Frères et Sœurs,

C’est une question importante, une question grave qui nous est posée ce matin : de quoi vivons-nous ? Vivre, au sens fort, pour nous, c’est quoi ?

Aujourd’hui, oui, – mais, au-delà de la mort, qu’est-ce qui nous fera vivre ?

Si l’Évangile nous pose cette question, c’est parce que c’est une grande souffrance pour le Christ, pour Dieu, d’abord de voir tant et tant de nous manquer du minimum nécessaire pour manger à leur faim, aujourd’hui même, y compris tant d’enfants que leurs parents n’arrivent pas à nourrir, jusqu’ici en France, en Belgique, mais encore infiniment plus ailleurs.
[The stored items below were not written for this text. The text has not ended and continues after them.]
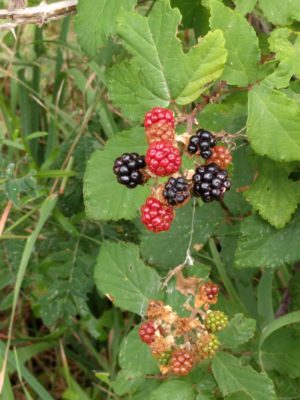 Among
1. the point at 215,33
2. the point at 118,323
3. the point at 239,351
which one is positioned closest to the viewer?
the point at 215,33

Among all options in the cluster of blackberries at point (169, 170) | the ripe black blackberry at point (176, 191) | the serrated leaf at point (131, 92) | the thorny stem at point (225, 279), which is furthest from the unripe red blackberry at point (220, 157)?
the thorny stem at point (225, 279)

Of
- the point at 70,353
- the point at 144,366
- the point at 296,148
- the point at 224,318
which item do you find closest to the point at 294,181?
the point at 296,148

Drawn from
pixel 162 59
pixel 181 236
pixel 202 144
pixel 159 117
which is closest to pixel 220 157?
pixel 202 144

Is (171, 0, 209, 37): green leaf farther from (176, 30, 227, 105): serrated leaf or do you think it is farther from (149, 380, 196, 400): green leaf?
(149, 380, 196, 400): green leaf

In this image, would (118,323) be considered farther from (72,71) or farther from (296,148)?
(296,148)

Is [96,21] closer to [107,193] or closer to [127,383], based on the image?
[107,193] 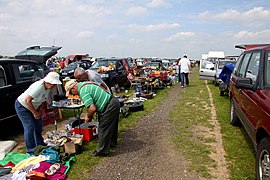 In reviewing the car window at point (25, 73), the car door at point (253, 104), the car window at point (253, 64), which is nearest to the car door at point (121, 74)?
the car window at point (25, 73)

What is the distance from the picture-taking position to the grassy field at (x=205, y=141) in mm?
3924

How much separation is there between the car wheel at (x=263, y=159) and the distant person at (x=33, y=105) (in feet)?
10.7

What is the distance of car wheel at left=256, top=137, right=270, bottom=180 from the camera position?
2801 millimetres

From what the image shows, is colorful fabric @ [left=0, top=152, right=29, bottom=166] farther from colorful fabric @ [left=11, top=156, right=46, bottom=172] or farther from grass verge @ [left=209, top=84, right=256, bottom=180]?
grass verge @ [left=209, top=84, right=256, bottom=180]

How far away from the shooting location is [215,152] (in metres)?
4.59

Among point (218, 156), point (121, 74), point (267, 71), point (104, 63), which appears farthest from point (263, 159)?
point (104, 63)

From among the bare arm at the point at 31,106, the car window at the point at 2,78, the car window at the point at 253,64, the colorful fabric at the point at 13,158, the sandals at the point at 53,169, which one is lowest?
the colorful fabric at the point at 13,158

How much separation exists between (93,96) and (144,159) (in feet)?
4.73

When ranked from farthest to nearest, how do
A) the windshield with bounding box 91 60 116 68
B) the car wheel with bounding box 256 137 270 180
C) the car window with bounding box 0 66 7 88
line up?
the windshield with bounding box 91 60 116 68
the car window with bounding box 0 66 7 88
the car wheel with bounding box 256 137 270 180

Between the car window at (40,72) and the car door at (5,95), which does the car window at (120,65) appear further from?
the car door at (5,95)

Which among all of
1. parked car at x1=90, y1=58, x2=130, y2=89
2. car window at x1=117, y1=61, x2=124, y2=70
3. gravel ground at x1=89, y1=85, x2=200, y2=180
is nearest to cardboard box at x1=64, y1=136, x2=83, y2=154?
gravel ground at x1=89, y1=85, x2=200, y2=180

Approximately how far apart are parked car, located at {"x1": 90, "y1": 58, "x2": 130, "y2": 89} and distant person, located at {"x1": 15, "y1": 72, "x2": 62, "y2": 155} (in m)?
6.28

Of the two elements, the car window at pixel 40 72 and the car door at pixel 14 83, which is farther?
the car window at pixel 40 72

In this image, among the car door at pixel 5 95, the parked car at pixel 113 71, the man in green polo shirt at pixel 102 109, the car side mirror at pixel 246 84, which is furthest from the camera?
the parked car at pixel 113 71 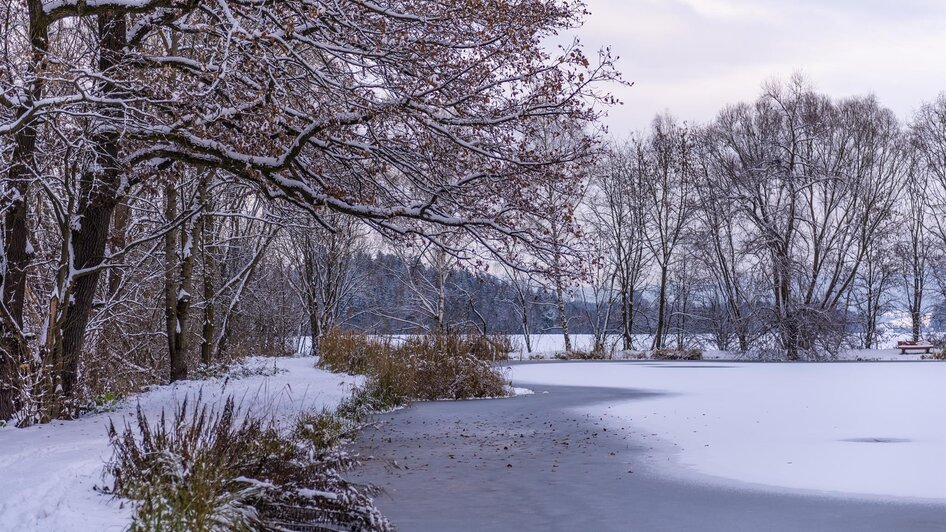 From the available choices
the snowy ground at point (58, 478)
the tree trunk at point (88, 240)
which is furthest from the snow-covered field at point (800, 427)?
the tree trunk at point (88, 240)

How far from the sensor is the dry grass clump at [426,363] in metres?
16.5

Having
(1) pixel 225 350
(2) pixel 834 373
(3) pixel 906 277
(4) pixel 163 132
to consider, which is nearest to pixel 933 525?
(4) pixel 163 132

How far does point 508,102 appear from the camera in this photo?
9.65 m

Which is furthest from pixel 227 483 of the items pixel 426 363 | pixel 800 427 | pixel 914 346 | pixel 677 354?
pixel 914 346

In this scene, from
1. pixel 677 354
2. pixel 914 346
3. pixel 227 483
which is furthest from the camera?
pixel 677 354

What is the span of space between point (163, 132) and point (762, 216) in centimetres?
2620

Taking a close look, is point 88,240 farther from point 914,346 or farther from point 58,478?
point 914,346

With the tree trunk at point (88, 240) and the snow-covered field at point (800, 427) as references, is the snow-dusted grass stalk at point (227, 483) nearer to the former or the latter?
the snow-covered field at point (800, 427)

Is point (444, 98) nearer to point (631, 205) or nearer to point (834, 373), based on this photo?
point (834, 373)

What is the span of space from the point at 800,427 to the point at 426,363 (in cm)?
818

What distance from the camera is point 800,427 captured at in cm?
1076

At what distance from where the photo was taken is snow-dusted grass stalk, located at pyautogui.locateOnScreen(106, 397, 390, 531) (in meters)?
4.74

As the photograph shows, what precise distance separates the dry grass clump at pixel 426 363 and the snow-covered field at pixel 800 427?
3576 millimetres

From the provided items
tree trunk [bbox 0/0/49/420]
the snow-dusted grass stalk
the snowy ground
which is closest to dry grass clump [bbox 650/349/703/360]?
the snowy ground
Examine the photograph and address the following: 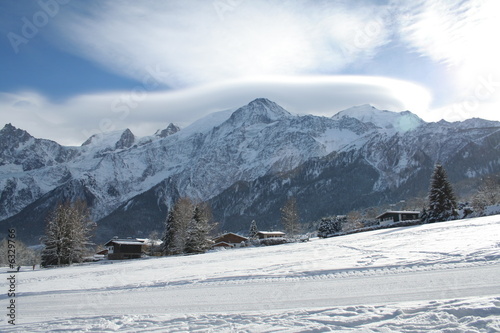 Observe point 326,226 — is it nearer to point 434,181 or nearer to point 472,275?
point 434,181

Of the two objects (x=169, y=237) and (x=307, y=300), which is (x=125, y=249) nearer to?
(x=169, y=237)

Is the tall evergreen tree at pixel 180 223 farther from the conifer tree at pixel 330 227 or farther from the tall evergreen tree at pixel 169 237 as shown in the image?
the conifer tree at pixel 330 227

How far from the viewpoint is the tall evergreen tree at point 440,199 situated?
56125mm

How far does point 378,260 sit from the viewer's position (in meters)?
17.7

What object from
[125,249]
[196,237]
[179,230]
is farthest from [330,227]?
[125,249]

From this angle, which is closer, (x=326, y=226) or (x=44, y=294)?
(x=44, y=294)

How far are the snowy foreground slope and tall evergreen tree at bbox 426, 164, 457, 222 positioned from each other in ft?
135

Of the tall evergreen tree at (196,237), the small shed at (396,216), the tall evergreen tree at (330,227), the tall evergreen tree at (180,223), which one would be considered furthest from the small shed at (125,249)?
the small shed at (396,216)

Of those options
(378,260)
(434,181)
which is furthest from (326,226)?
(378,260)

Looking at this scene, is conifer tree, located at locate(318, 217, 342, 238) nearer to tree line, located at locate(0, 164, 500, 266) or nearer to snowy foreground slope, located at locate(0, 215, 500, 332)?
tree line, located at locate(0, 164, 500, 266)

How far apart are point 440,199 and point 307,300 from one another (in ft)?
173

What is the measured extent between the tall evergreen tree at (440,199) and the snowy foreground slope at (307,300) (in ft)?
135

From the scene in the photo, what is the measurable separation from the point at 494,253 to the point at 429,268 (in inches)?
120

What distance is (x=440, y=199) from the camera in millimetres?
57438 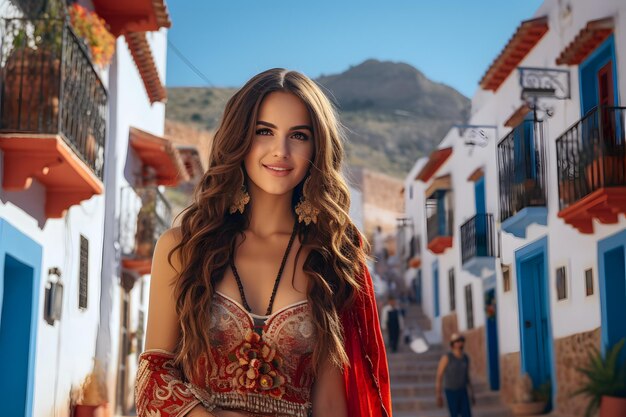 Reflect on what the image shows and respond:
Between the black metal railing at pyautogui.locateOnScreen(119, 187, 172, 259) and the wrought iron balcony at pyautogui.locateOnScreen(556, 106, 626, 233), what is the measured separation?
6.04 meters

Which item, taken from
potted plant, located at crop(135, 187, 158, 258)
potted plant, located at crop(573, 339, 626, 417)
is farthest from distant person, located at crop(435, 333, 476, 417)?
potted plant, located at crop(135, 187, 158, 258)

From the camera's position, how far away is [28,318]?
907 cm

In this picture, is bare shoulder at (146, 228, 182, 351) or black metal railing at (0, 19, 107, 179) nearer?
bare shoulder at (146, 228, 182, 351)

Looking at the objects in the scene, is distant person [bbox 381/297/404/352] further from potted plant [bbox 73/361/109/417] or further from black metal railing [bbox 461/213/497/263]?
potted plant [bbox 73/361/109/417]

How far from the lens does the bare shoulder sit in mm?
2414

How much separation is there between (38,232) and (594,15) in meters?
7.07

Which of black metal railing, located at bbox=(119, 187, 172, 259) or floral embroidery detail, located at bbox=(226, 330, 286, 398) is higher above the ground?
black metal railing, located at bbox=(119, 187, 172, 259)

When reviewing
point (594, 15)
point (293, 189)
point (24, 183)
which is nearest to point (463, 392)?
point (594, 15)

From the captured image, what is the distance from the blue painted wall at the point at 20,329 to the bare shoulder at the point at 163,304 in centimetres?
657

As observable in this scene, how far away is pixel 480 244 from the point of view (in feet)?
63.9

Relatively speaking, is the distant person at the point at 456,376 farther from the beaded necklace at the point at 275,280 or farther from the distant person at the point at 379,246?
the distant person at the point at 379,246

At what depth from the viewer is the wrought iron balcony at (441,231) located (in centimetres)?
2342

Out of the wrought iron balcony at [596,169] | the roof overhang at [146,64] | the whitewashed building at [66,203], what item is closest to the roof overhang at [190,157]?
the roof overhang at [146,64]

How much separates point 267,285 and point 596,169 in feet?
30.7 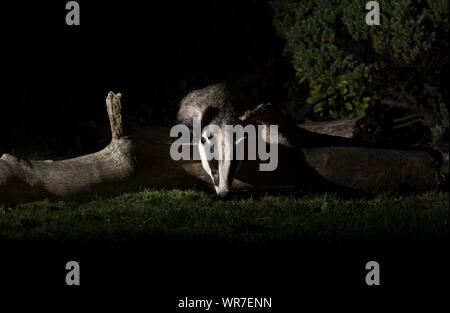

A cause de tout notre égoïsme économique et social.
Mais aussi grande souffrance pour le Christ, de voir tous ceux et celles qui, comme cet homme dont nous parlait l’Evangile, passent à côté de ce qu’est la vie – la seule vie plus forte que la mort. La mort – la mort physique – nous dit quelque chose d’essentiel : si tu ne penses qu’à toi, si tu ne penses qu’à manger, toi – un jour, de mort tu mourras. Une vie centrée sur soi, ce n’est pas la vie. La vie, c’est d’aimer.

Tout à l’heure, au début de cette messe, le père Bernard a lavé les pieds de quelques pèlerins de Saint Jacques. Quand le Christ a-t-il lavé les pieds de ses disciples ? Juste avant de mourir, lui. Et pourquoi nous dit-il d’en faire autant ? Parce que c’est cela « LE » chemin pour passer la mort – pour vivre, ici et aujourd’hui, d’une vie plus forte que la mort. Et le Christ fait ce geste au moment du dernier repas qu’il prend avec les siens sur cette terre. Justement pour nous dire que ce n’est pas de manger qui fait vivre, mais de nous laver les pieds les uns les autres, de partager, d’aimer. Tandis que si je laisse les autres mourir de faim, moi, je meurs dans mon cœur.

Mais nous-mêmes nous le savons bien, nous en avons tous fait l’expérience : le nombre de fois où en voulant aider les autres, nous avons reçu bien plus que nous n’avons donné. Chacun, nous savons le bonheur de rencontrer, de manger et de boire ensemble, de fraterniser. Là, notre cœur vit, il respire.

Peut-être, frères et sœurs, n’avez-vous pas oublié les contes de notre enfance qui parlaient de ces méchants ogres qui rôdent, cherchant à tout dévorer, même les humains !
Ces contes disent vrai. Ils ont pour but de mettre les enfants en garde. Car c’est vrai qu’il y a des hommes qui deviennent des ogres au milieu des autres, qui ne cherchent qu’à dévorer, même leurs frères et sœurs humains. Alors attention – attention à ne pas devenir nous-mêmes des ogres dans cette société de consommation à tout va. A vouloir toujours consommer, dévorer, nous signons notre propre mort, la mort de notre cœur. Et Dieu devra alors y mettre beaucoup de sa miséricorde pour nous rendre la vie – mais, vous le savez, rien n’est impossible à Dieu.

Nous, tout au contraire, nous sommes invités à avoir la foi : la foi que la vie humaine est ailleurs que dans la consommation et dans l’argent. Cela n’a rien d’évident, et donc, oui, c’est une question de foi. Nous aurons sans cesse la tentation de nous replier sur nos propriétés, sur nos sécurités de tous ordres. Mais l’amour de l’argent est une maladie mortelle. La soif du profit est la source de concurrences, de guerres incessantes où rien ne compte plus que de gagner, en écrasant les autres. L’argent est un maître impitoyable, un dieu cruel.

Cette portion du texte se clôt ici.